En ce qui concerne la santé des sols et la concrétisation de la séquestration du carbone dans nos sols agricoles et forestiers, il est clair que l’une des choses que nous devons faire c’est, par exemple, avec l’agriculture, de trouver des moyens d’améliorer les revenus par le truchement de pratiques qui, nous le savons, réduiront les coûts des intrants et créeront de la valeur par la séquestration du carbone qui devrait revenir à la ferme.
Quelles sont les pratiques que vous avez adoptées et les mesures que vous avez prises pour travailler avec les ministères concernés afin de vous assurer que ces choses commencent à être mises en œuvre?
M. Saindon : De toute évidence, c’est l’un des objectifs de notre nouvel ensemble de laboratoires vivants pour les agroécosystèmes : mettre l’accent sur les données et la séquestration du carbone. C’est une chose que nous voulons documenter et avec laquelle nous voulons travailler à l’échelle du producteur, tout en racontant l’histoire. Je pense que le secteur s’est également bien débrouillé en ce qui a trait à la capture du carbone. Nous avons certaines données dans le Rapport d’inventaire national et nous constatons chaque année que la séquestration du carbone suscite de l’intérêt. Au fil des ans, l’humidité, les précipitations, etc., ont occasionné beaucoup de hauts et de bas, mais je pense que vous voyez une certaine amélioration dans ce domaine.
Je faisais référence au travail effectué il y a 40 ans par ce comité et au rapport subséquent qui avait mené au concept de l’agriculture sans labour. Je ne cesse de dire que le semis direct est l’un des transferts technologiques les plus percutants de l’histoire de notre pays, car il nous a permis de passer d’une culture bisannuelle des terres de l’Ouest canadien rendue nécessaire par la pratique des jachères à une culture annuelle. Nous avons donc doublé la capacité de production, avec tous les revenus que cela implique. On peut penser aux légumineuses, mais cela ne s’arrête pas là.
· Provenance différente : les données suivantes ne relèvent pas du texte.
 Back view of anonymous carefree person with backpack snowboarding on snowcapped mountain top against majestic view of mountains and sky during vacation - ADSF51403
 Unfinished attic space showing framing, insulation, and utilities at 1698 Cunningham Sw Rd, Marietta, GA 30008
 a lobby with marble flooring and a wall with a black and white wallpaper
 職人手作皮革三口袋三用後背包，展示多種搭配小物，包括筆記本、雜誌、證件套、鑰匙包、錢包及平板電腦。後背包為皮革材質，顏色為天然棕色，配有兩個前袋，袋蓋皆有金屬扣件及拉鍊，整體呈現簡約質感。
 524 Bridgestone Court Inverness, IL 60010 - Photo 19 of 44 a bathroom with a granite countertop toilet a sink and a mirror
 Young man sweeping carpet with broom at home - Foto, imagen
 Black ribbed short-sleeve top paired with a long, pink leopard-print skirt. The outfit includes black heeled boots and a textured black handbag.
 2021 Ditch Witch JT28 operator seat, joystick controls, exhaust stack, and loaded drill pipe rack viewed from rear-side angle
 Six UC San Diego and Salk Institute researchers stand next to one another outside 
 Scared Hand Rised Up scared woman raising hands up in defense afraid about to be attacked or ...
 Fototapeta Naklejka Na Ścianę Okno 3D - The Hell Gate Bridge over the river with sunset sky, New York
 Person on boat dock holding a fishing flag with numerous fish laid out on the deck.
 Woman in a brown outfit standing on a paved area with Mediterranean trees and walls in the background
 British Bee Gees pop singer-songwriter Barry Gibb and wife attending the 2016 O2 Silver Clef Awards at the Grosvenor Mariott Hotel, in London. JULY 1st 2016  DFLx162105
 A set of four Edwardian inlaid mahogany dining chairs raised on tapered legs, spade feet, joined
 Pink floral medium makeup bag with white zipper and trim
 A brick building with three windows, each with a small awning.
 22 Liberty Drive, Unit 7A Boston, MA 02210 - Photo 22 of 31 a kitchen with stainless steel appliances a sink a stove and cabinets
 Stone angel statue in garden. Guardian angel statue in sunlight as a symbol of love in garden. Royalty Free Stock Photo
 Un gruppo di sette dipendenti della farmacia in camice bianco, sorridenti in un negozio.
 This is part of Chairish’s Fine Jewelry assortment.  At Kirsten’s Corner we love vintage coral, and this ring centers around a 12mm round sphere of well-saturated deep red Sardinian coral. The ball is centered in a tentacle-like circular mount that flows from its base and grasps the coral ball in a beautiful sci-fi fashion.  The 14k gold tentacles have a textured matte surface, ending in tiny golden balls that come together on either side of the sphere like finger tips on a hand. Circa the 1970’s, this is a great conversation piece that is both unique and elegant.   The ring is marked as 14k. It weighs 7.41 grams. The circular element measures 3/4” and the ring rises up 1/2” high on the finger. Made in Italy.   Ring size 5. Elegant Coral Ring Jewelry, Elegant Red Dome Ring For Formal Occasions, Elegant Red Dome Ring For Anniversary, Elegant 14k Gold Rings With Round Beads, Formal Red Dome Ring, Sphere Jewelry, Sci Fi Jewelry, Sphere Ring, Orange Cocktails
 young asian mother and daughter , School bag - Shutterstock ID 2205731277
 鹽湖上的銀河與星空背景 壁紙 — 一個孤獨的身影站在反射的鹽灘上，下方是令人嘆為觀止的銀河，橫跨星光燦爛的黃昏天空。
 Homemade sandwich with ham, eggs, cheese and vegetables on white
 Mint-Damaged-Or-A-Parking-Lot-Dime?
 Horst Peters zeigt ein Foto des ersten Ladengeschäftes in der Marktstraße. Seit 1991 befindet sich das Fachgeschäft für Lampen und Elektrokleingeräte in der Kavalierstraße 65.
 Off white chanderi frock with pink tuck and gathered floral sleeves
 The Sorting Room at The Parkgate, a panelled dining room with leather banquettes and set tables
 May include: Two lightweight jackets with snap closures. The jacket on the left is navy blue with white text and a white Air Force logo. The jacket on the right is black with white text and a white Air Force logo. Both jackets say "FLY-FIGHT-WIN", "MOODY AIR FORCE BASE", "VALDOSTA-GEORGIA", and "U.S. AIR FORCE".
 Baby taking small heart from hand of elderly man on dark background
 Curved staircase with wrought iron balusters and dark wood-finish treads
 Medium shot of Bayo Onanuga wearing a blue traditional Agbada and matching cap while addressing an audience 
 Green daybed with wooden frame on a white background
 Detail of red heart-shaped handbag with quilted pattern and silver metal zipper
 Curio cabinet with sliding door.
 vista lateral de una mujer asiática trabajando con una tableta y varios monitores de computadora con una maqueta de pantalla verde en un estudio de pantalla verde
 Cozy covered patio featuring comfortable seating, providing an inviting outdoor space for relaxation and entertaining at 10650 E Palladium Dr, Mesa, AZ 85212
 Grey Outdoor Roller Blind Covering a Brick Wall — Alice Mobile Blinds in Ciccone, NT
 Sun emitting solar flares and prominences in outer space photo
Le sénateur C. Deacon : Je pense que c’est un excellent exemple, mais il a fallu 30 ans pour mettre cette pratique en œuvre; dans 30 ans, nous serons en 2050. Nous devons accélérer le processus. Je me demande ce que vous faites, comment vous travaillez, notamment avec les ministères concernés, pour accélérer l’adoption des pratiques exemplaires par le marché. J’aimerais vraiment que vous me donniez des exemples de cela.
M. Valicenti : Je sais que nous travaillons avec divers ministères et avec les provinces dans une optique de viabilité environnementale. Je veux revenir sur les laboratoires vivants, qui ont trois principes de base. Ils sont centrés sur l’utilisateur, donc le paysage est considéré comme le terrain. Nous parlons de partenariats, c’est-à-dire de provinces, de producteurs, d’universitaires et, bien sûr, de nos propres scientifiques. Bien entendu, nous devons tenir compte du contexte de la vie réelle. Il nous faut donc sortir des laboratoires. Je pense que l’idée est d’élaborer conjointement de bonnes pratiques de gestion bénéfiques — dans ce cas, en ce qui a trait à la santé des sols —, puis de mettre en place des mesures incitatives pour encourager les producteurs à les mettre en œuvre.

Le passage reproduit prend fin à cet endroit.